MOST working adults in Singapore are hugely underinsured - a lamentable state of affairs that creates opportunities for insurers, according to global consultancy McKinsey & Company.
McKinsey director Stephan Binder said that Singaporeans are covered on average for only 2.8 times their average annual income, well under the suggested level of 10 to 12 times.
So if you earn say $50,000 a year, your life insurance cover should extend to at least $500,000.
Dr Binder also said that while life insurance penetration for the mass affluent and upper mass segments is 91 per cent and 82 per cent respectively, it is only 61 per cent for those in the lower mass segment.
And it is this segment - roughly 45 per cent of the population - that represents a huge growth opportunity.

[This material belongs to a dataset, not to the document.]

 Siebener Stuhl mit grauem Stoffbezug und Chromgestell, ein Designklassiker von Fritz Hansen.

'Singapore's positive life insurance story remains intact, and growth over the next five years should average between 4 per cent and 6 per cent annually,' said the China-based Binder, who was here visiting.

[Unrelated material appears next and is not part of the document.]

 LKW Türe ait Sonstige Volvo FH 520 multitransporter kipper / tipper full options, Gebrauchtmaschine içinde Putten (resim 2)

His belief that the life insurance industry will grow to around $22 billion by 2013 will bring some comfort to the battered sector.

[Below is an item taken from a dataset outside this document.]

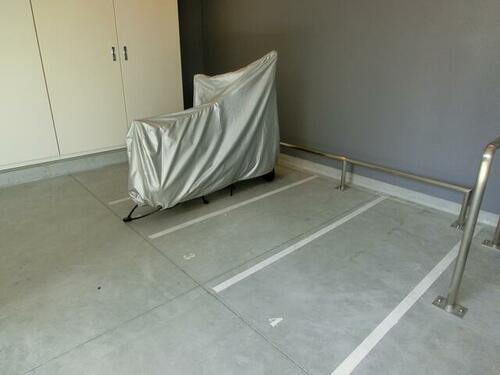 ＦＫソルレヴェンテ八戸ノ里駐車場（屋根付きバイク中サイズ）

The financial market uncertainty has taken its toll on the industry, with people buying less life insurance and many consumers giving up policies.
The industry reported a 73 per cent drop in total premiums for the first quarter of this year to $2.99 billion compared with the same period a year ago.
Mr Nigel Andrade, a McKinsey partner, agreed that the market is far from saturated.
'It's not a population growth issue,' he said. 'Singapore's population may not be surging the way some other markets are, but the population is growing older and that increases the demand for insurance products.'
Mr Andrade said that while the long-term prospects remain bright, Singapore insurers may need to invest to emerge from the crisis in a position to capture those opportunities.
'Investment now can position a company better than its peers to weather the crisis and emerge in a strong position to capture longer term opportunities,' he said.